Rousseau, Jean Jacques

I INTRODUCTION
Rousseau, Jean Jacques (1712-1778), French philosopher, social and political theorist, musician, botanist, and one of the most eloquent writers of the Age of Enlightenment.


Rousseau was born in Geneva on June 18, 1712, and was raised by an aunt and uncle following the death of his mother a few days after his birth. He was apprenticed at the age of 13 to an engraver, but after three years he ran away and became secretary and companion to Madame Louise de Warens, a wealthy and charitable woman who had a profound influence on Rousseau’s life and writings. In 1742 Rousseau went to Paris, where he earned his living as a music teacher, music copyist, and political secretary. He became a close friend of the French philosopher Denis Diderot, who commissioned him to write articles on music for the French Encyclopédie.

II PHILOSOPHICAL WRITINGS
In 1750 Rousseau won the Academy of Dijon award for his Discours sur les sciences et les arts (Discourse on the Sciences and the Arts, 1750), and in 1752 his opera Le devin du village (The Village Sage) was first performed. In his prize-winning discourse and in his Discourse on the Origin and Foundation of Inequality Among Mankind (1755; trans. 1761), he expounded the view that science, art, and social institutions have corrupted humankind and that the natural, or primitive, state is morally superior to the civilized state (see Naturalism). The persuasive rhetoric of these writings provoked derisive comments from the French philosopher Voltaire, who attacked Rousseau’s views, and subsequently the two philosophers became bitter enemies.
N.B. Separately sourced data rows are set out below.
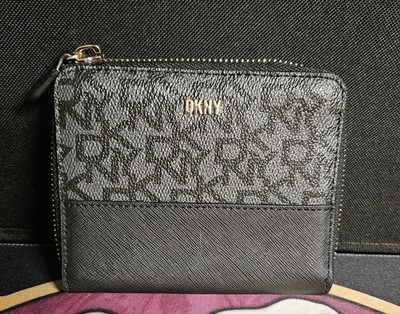 DKNY Vela Saffiano zip around Leather Wallet Gold Hardware
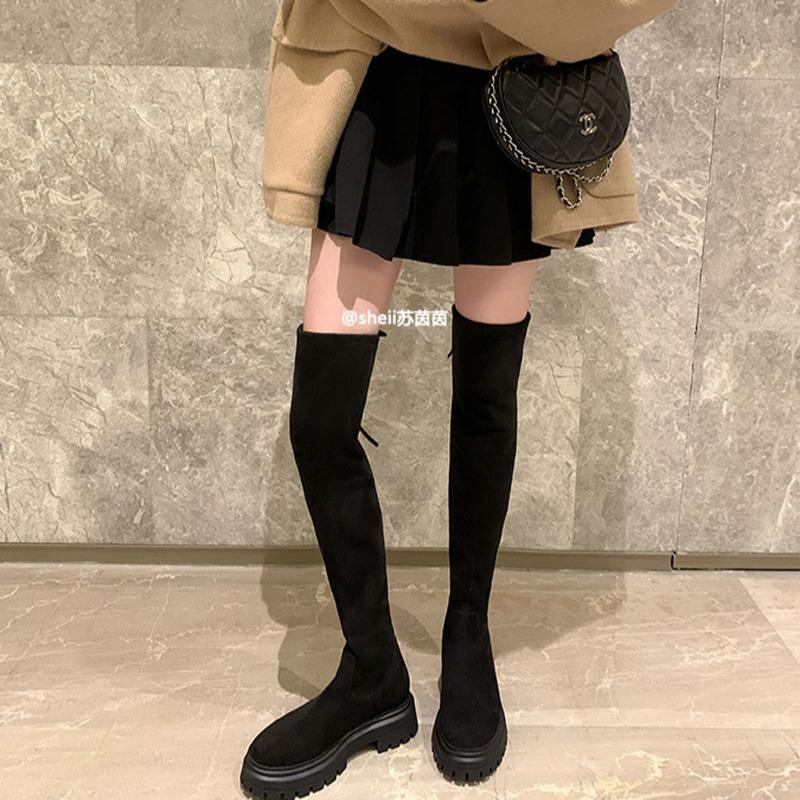 Legs Fine Bi Preparation~ SW Thick High Heel Thick Bottom Round Head Velvet Long Elastic Boots Women's Knee Boots Show Height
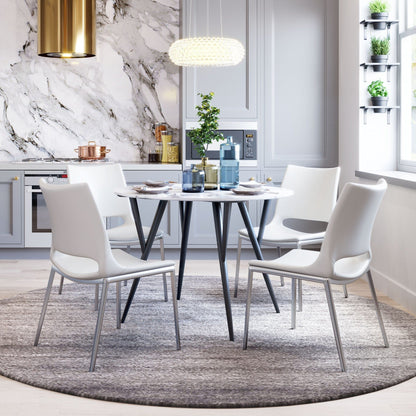 Cradle White Faux Leather Side or Dining Chairs Set of 2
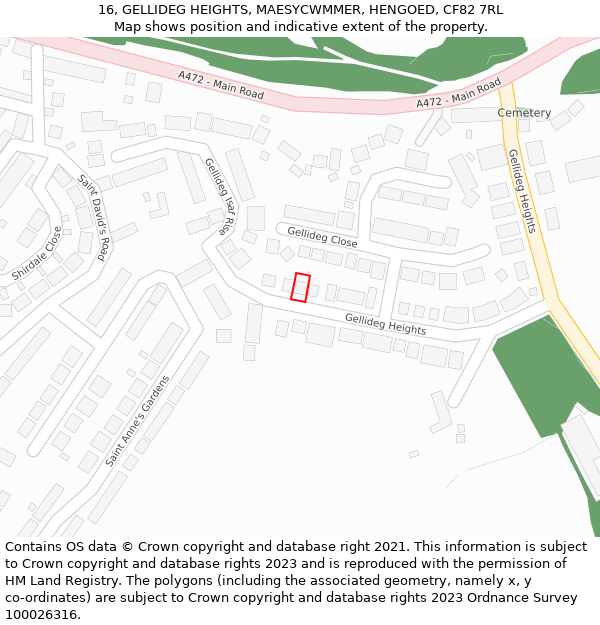 16, GELLIDEG HEIGHTS, MAESYCWMMER, HENGOED, CF82 7RL: Location map and indicative extent of plot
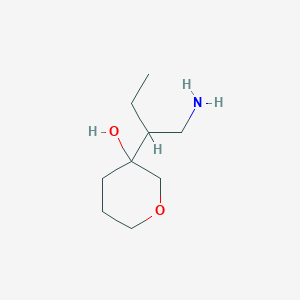 molecular formula C9H19NO2 B13186112 3-(1-Aminobutan-2-yl)oxan-3-ol 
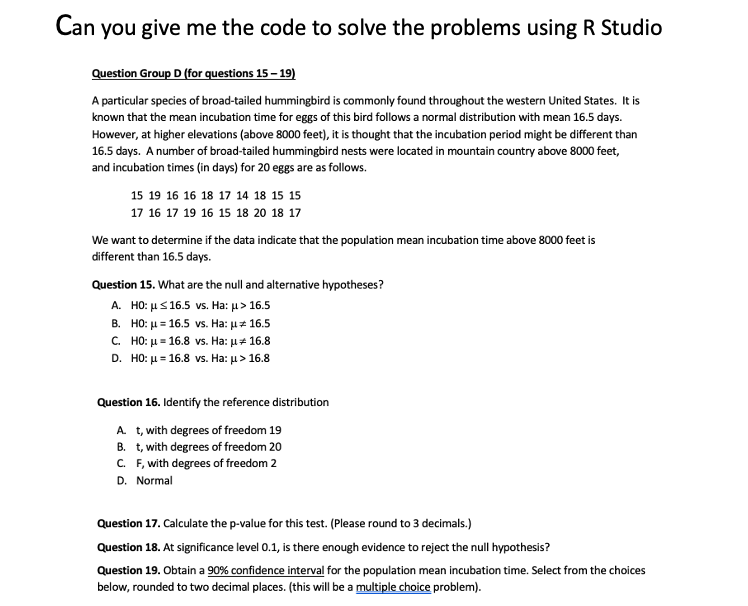 Solved Can you give me the code to solve the problems using | Chegg.com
Rousseau left Paris in 1756 and secluded himself at Montmorency, where he wrote the romance The New Heloise (1761). In his famous political treatise The Social Contract (1762; trans. 1797) he developed a case for civil liberty and helped prepare the ideological background of the French Revolution by defending the popular will against divine right.

III LATER WORKS
In the influential novel Émile (1762; trans. 1763) Rousseau expounded a new theory of education emphasizing the importance of expression rather than repression to produce a well-balanced, freethinking child.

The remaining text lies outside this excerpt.